If we wish to solve this input, we can load the data into the model by running the following line:

In [None]:
m, x = net1(cities, links)

We can then define this solve function to solve the input, print the objective value, and display the decision variables.

In [None]:
def solve(m):
    m.Solve()
    print('Solution:')
    print('Objective value =', m.Objective().Value())
    for var in m.variables():
        print(var.name(), ':',  var.solution_value())

In [None]:
solve(m)

**Q4:** Run the cell above to solve the model. Write down the optimal solution and the corresponding objective value in the space below. Did you get the right solution before?

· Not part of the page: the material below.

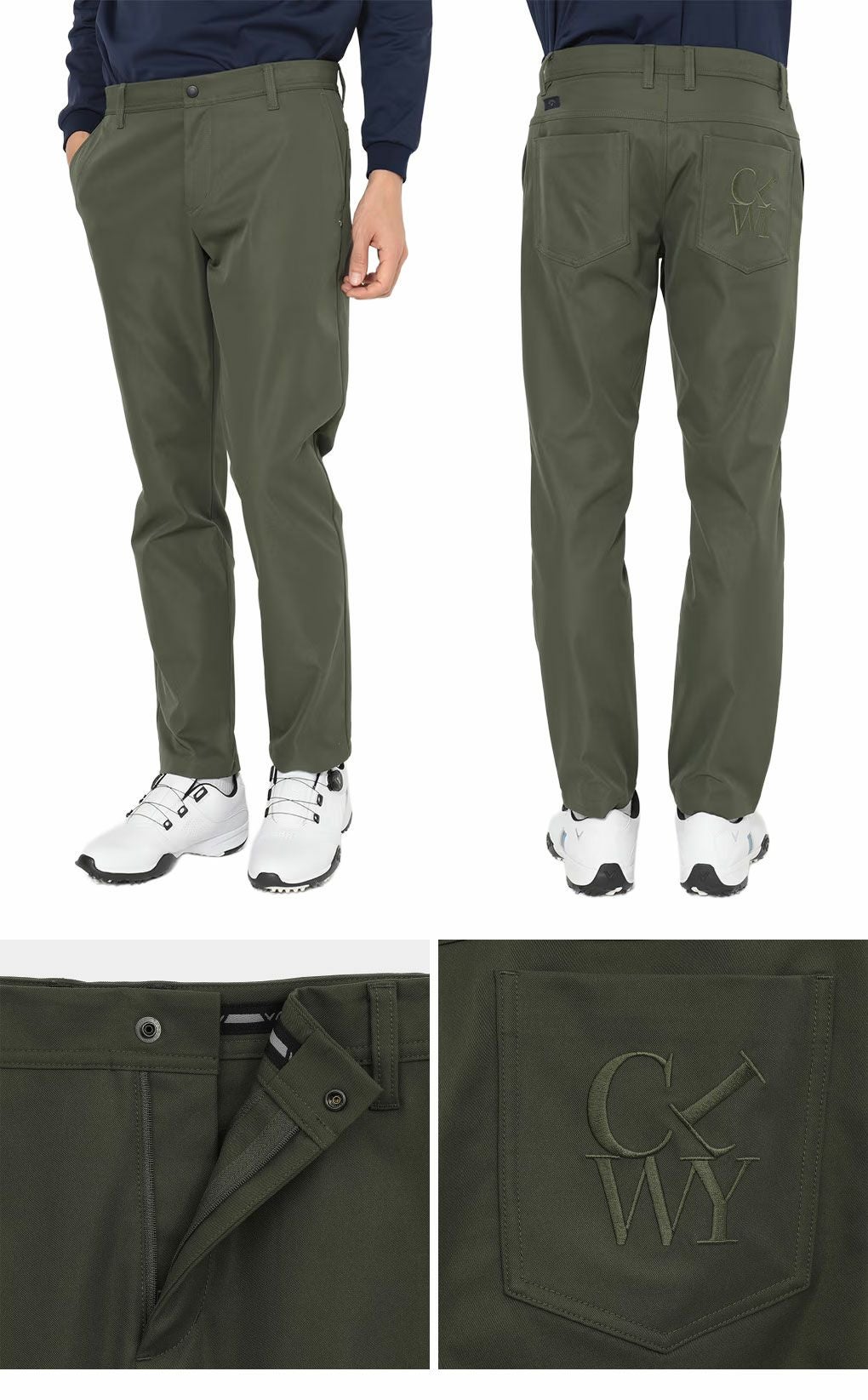 キャロウェイストレッチツイルパンツC25226100メンズゴルフウェアゴルフ2025秋冬モデル日本正規品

**A:**  <font color='blue'> Optimal objective value is 1819.
   
| variable     | value |
|-----------|-------|
| (PITT, NE) | 250.0 |
| (PITT, SE) | 200.0 |
| (NE, BOS)  | 90.0 |
| (NE, EWR)  | 100.0 |
| (NE, BWI)  | 60.0 |
| (SE, EWR)  | 20.0 |
| (SE, BWI)  | 60.0 |
| (SE, ATL)  | 70.0 |
| (SE, MCO)  | 50.0 |

</font> 

## Part 2: Writing your own OR-Tools model

In this section, we will review the structure of the OR-Tools model and data files. We will do this by writing
an OR-Tools model for the following simple minimum-cost network flow problem. The number next to
each node is the supply value of the node. The first number next to each edge is the edge cost while the
second number is the edge capacity.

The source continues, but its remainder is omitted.